En ese marco, de por sí llamativo, lo más pregnante para la percepción humana es el arte estridente que cubre las calles. La amplitud de la vista no alcanza para abarcar los murales que se suceden indefinidamente por las paredes y recovecos de ese pedazo intrincado de la ciudad. Las pinturas callejeras no dejan rincón sin cubrir y los colores fuertes de los graffitis conmueven la sensibilidad del cualquier caminante.

Esta urbanidad sudamericana fue declarada Patrimonio de la Humanidad en 2003. Sin embargo, la preservación es relativa dada la ausencia de una política sistemática para el cuidado de los edificios. Las ruinas no son pocas y los inmuebles en pie lo están antes por la calidad constructiva o la voluntad particular de sus habitantes que por una decisión oficial. A su vez, las calles tienen el tinte de la suciedad. No obstante, nada alcanza para empañar la grandeza de antaño y la peculiaridad del lugar.

En la arquitectura se nota la presencia de las colectividades de inmigrantes del viejo mundo. Instituciones, monumentos y escuelas llevan el nombre y la impronta de las naciones europeas.
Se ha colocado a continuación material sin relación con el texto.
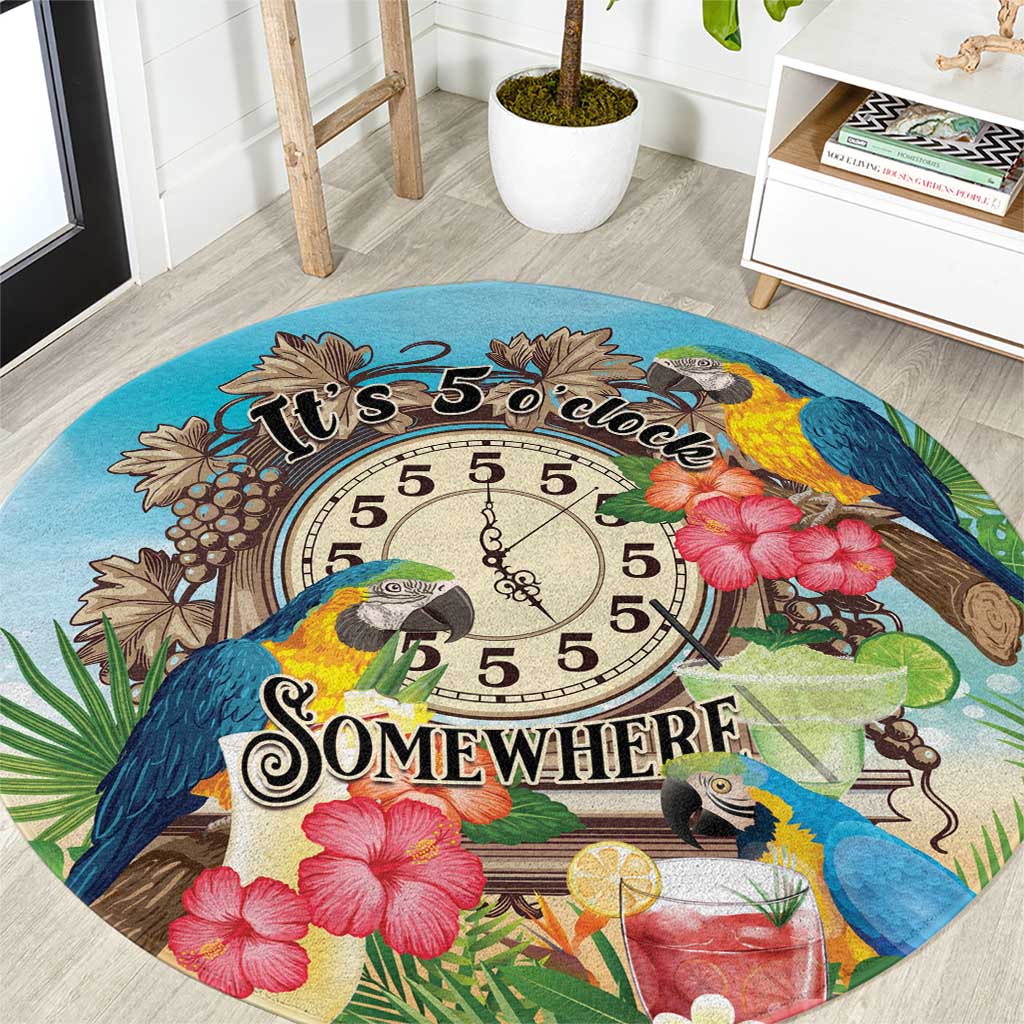 It&#39;s 5 o&#39;clock Somewhere Round Carpet Hawaiian Tropical Parrots - Polynesian Pride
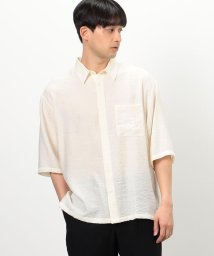 COMME CA ISM MENS(コムサイズム（メンズ）)/【セットアップ対応】楊柳ワッシャー ５分袖シャツ/キナリ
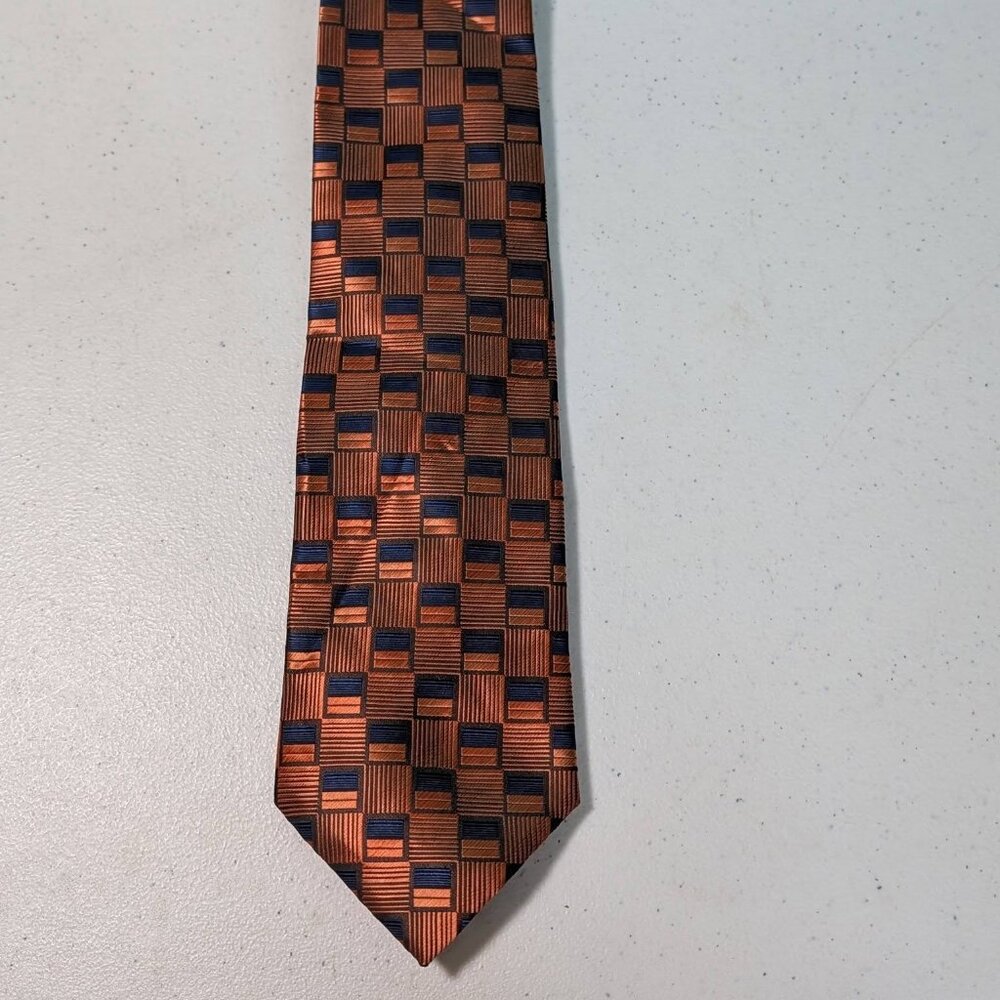 Menz Orange & Blue Geometrical‎ Necktie Made In China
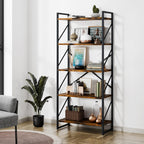 Shintenchi 5 Tiers Bookshelf, Classically Tall Bookcase Shelf, Industrial Book Rack, Modern Book Holder In Bedroom/Living Room/Home/Office, Storage Rack Shelves For Books/Movies-Rustic Brown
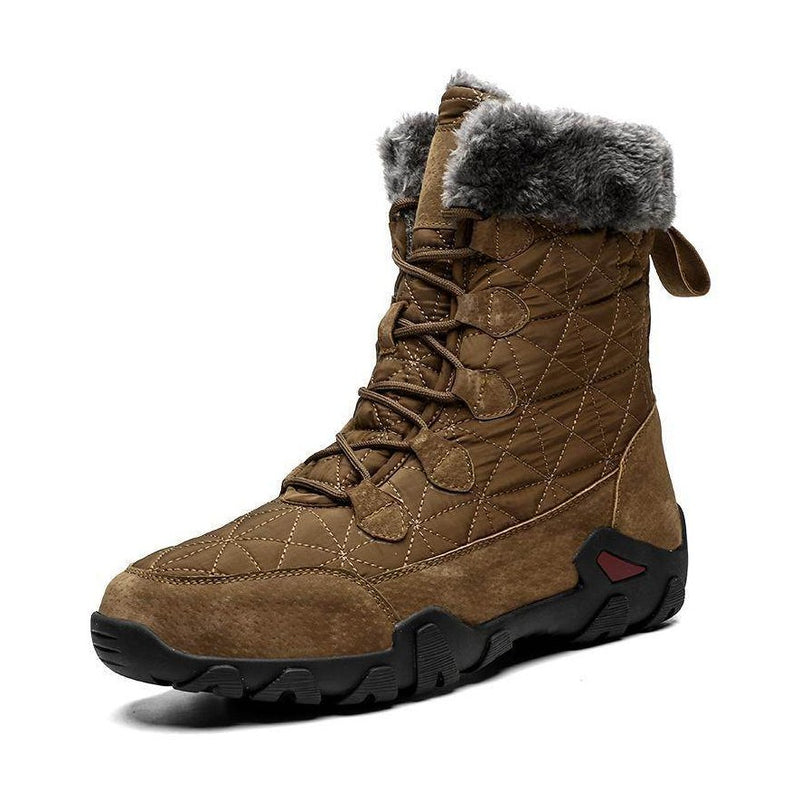 Brown thick winter boots for men with quilted design and fur lining for warmth and comfort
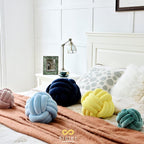 Sioloc Soft Knot Ball Pillows,Round Throw Pillow Cushion Home Decoration Plush Pillow,Throw Knotted Pillow Handmade Round Plush Pillow（10.6inches,Navy）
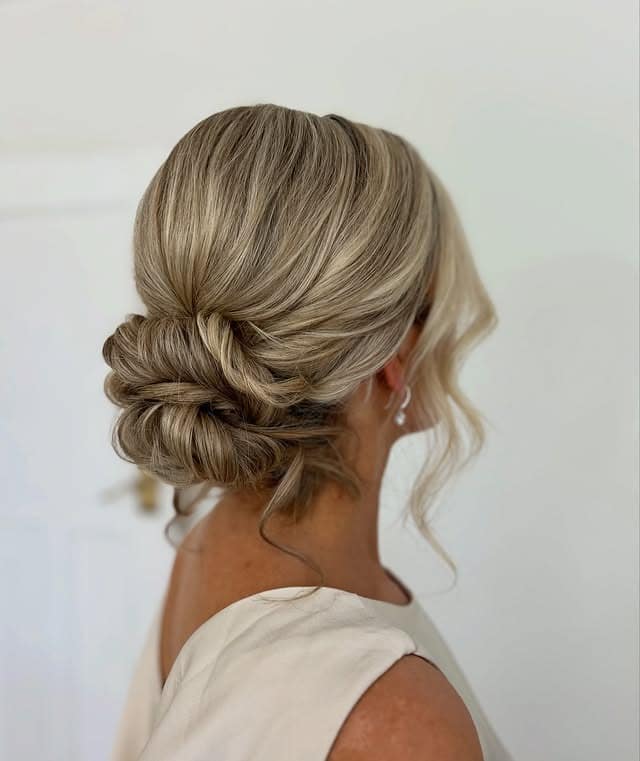 6. Deep Brunette Braided Messy Updo - Medium Length Hair Messy Updos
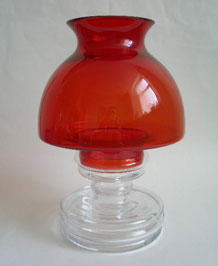   1960s RIIHIMAKI FINLAND NANNY STILL RED GLASS APOLLO LAMP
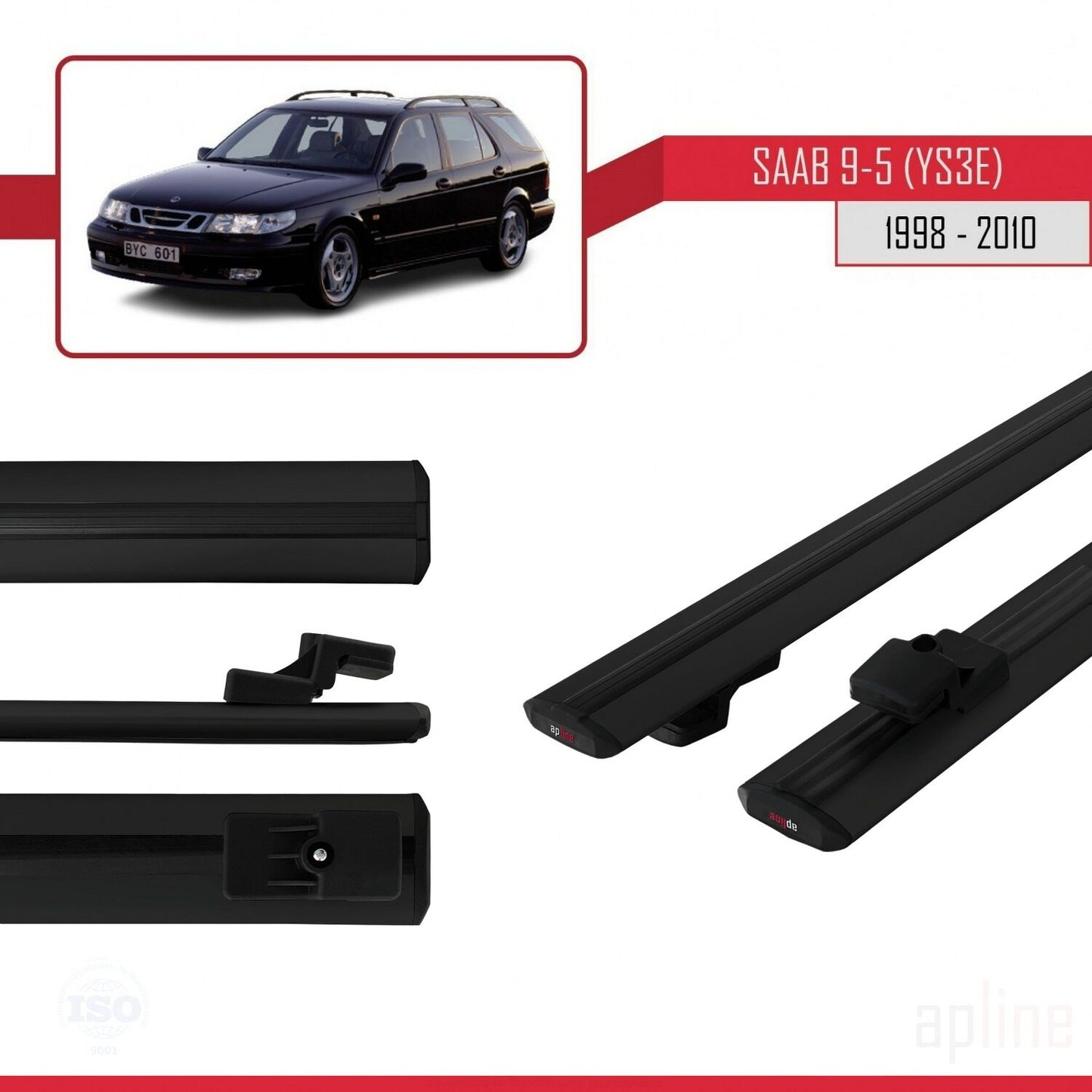 Compatible avec Saab 9-5 (YS3E) Break 1998-2010 BASIC Model Barres de Toit Railing Porte-Bagages de Voiture Noir Aluminium 2 Barres
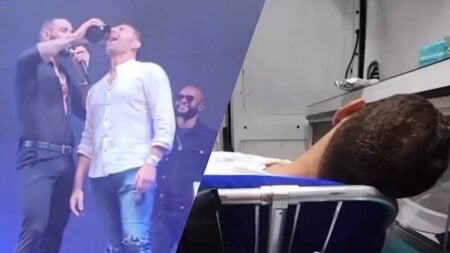 Fã de Gusttavo Lima ganha bebida do cantor na boca e deixa local de ambulância: “Vai sobrar pra mim”
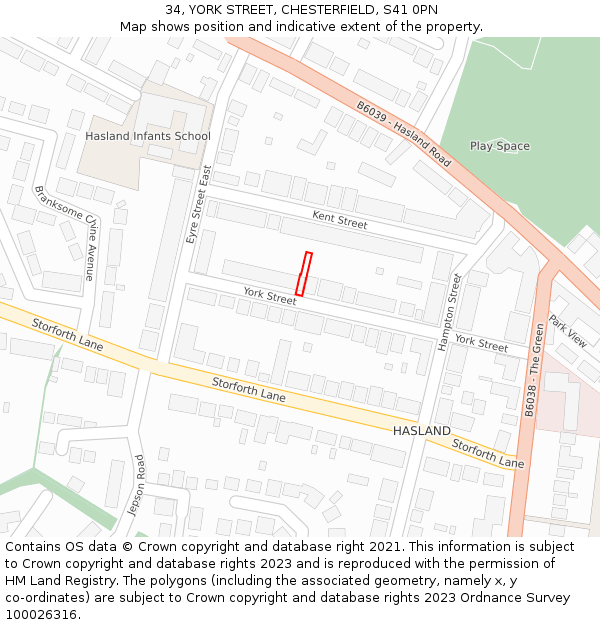 34, YORK STREET, CHESTERFIELD, S41 0PN: Location map and indicative extent of plot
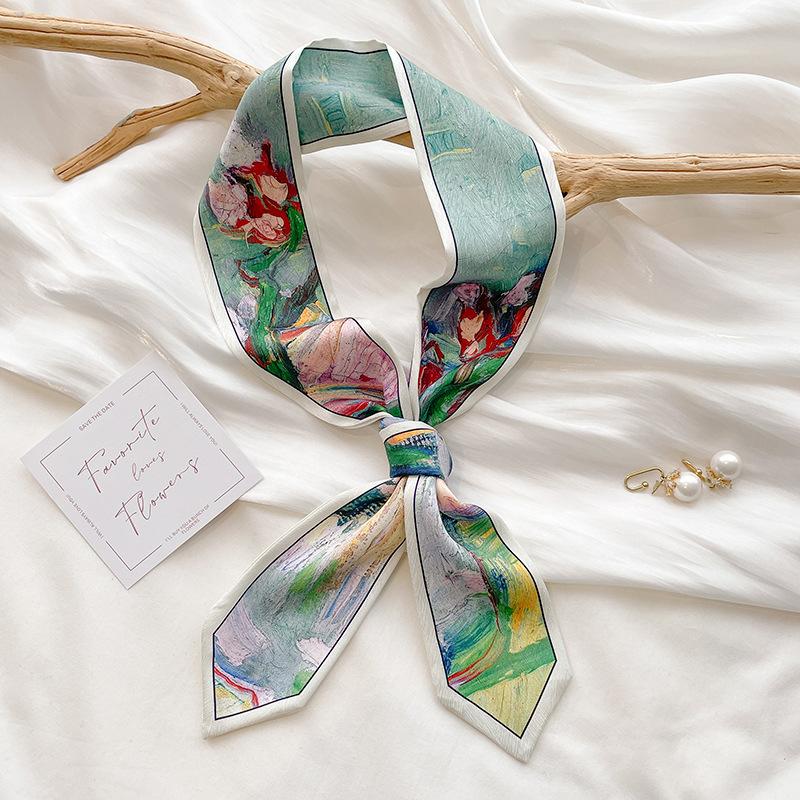 2024 new women s retro oil painting silk scarf streamer new headband decorative scarf long versatile twill small silk scarf 130*7cm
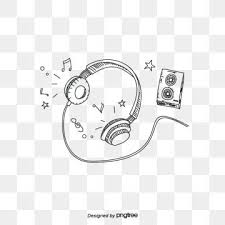 Black And White Music Logo Png Hand Painted Black And White Music Headphones Magnetic Tape Line Drawing Line Png And Vector With Transparent Background For Free Download In 2020 Black And White Cartoon Headphones Drawing Cool Background Music
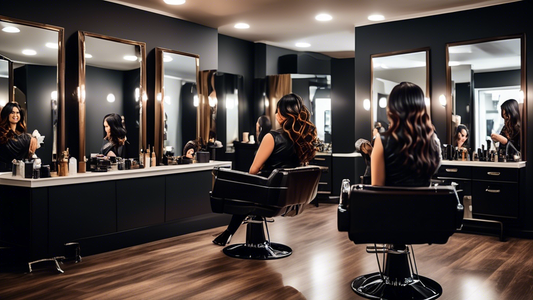 A vibrant salon setting, showcasing a confident woman with glossy black hair adorned with subtle yet stunning brown foils. Stylists in the background are seen working on similar transformations. The a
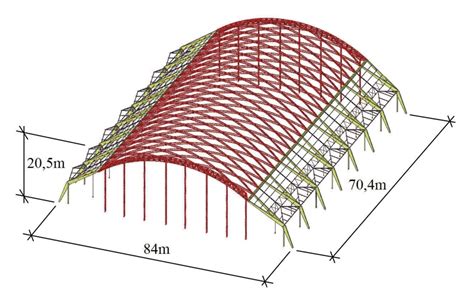 model priehradového väzníka
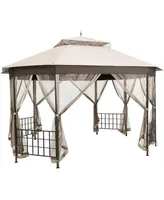 Costway 10'x12' Patio Gazebo Canopy Shelter Double Top Netting Sidewalls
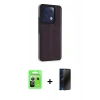MARSİLYAN™- Redmi Note 13 Pro 5G Kılıf Çekirdek Klasik - Siyah 3D Antistatik Hayalet Cam Ekran Koruyucu + Raze Metal Kamera Lens - GS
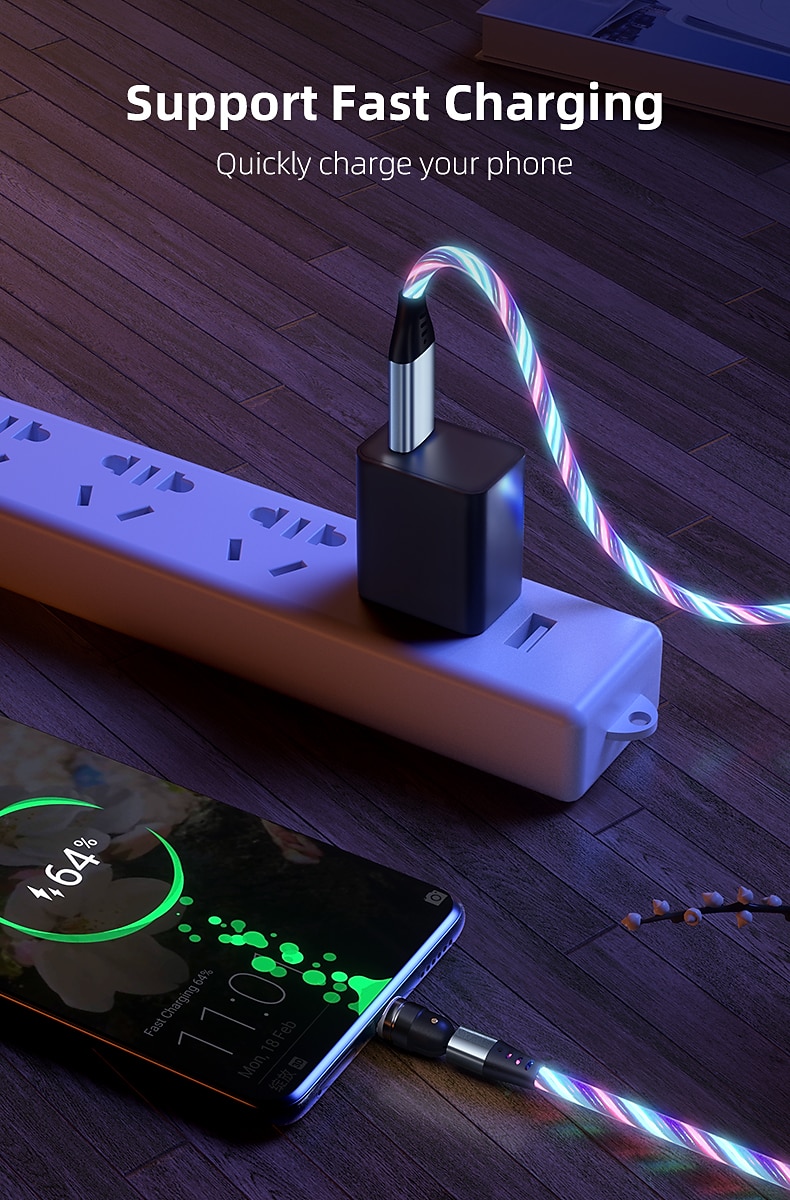 Универсальный зарядный кабель 3,3 фута 6,6 футов USB A на Lightning/микро/USB C 3 A Кабель для зарядки Быстрая зарядка 3 в 1 Магнитный Вращение на 540° Назначение Samsung Xiaomi Huawei 2025 - $18.99 –P4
En el Plan, las plazas Victoria y Sotomayor son referencias ineludibles. Con características diferentes, ambas son espacios públicos de mucha concurrencia. La primera tiene al esparcimiento como su nota principal y en la segunda dominan los actos institucionales y los encuentros culturales al pie del cuerpo escultórico que destaca la figura del marino Arturo Pratt.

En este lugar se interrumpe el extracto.